Repeat the listing word for word. No pictures belong in the copy.

MATERIAL PROVIDED:
——————————
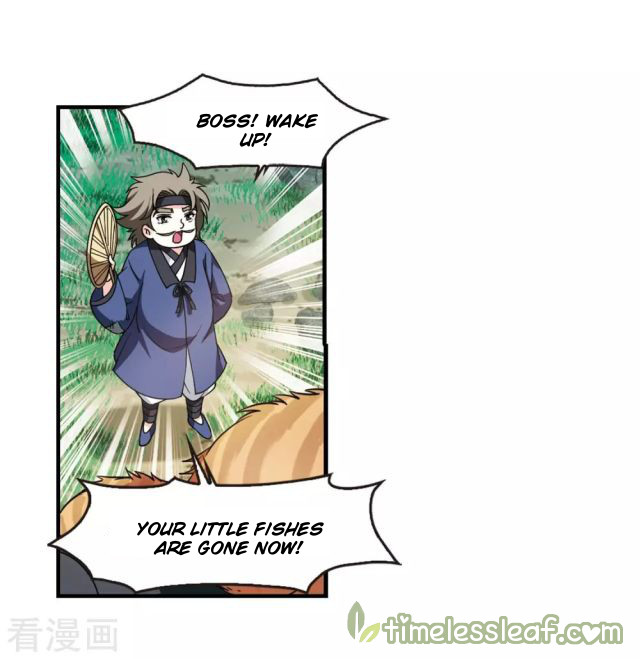 Chapter 263.5 - Image 7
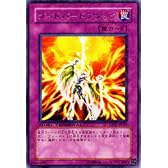 【遊戯王カード-デュエルターミナル】 ゴッドバードアタック DT07-JP049-R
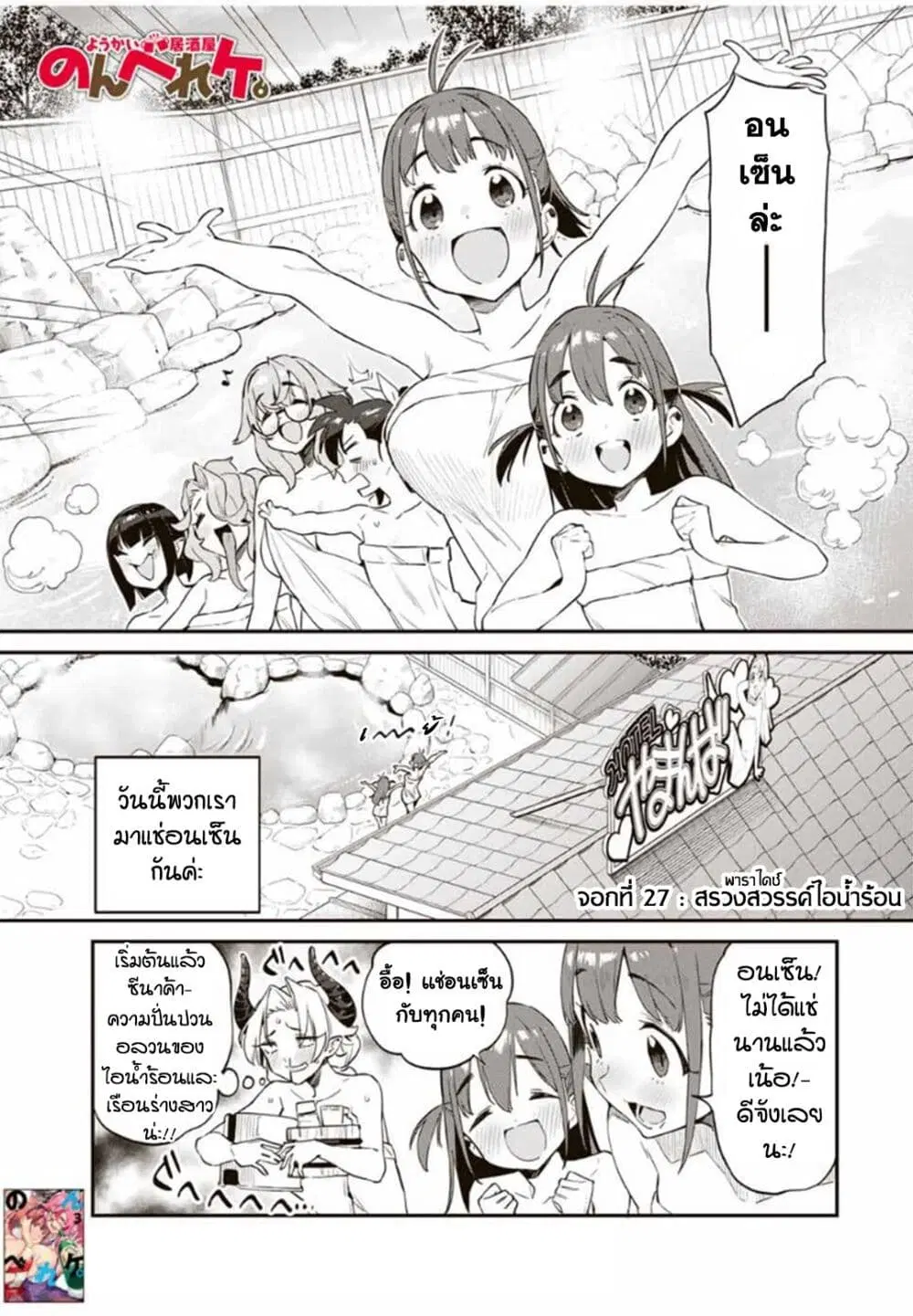 Youkai Izakaya non Bere ke ตอนที่ 27 หน้า 1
——————————
SOLVED EXERCISE:
 Chapter 263.5 - Image 7
 【遊戯王カード-デュエルターミナル】 ゴッドバードアタック DT07-JP049-R
 Youkai Izakaya non Bere ke ตอนที่ 27 หน้า 1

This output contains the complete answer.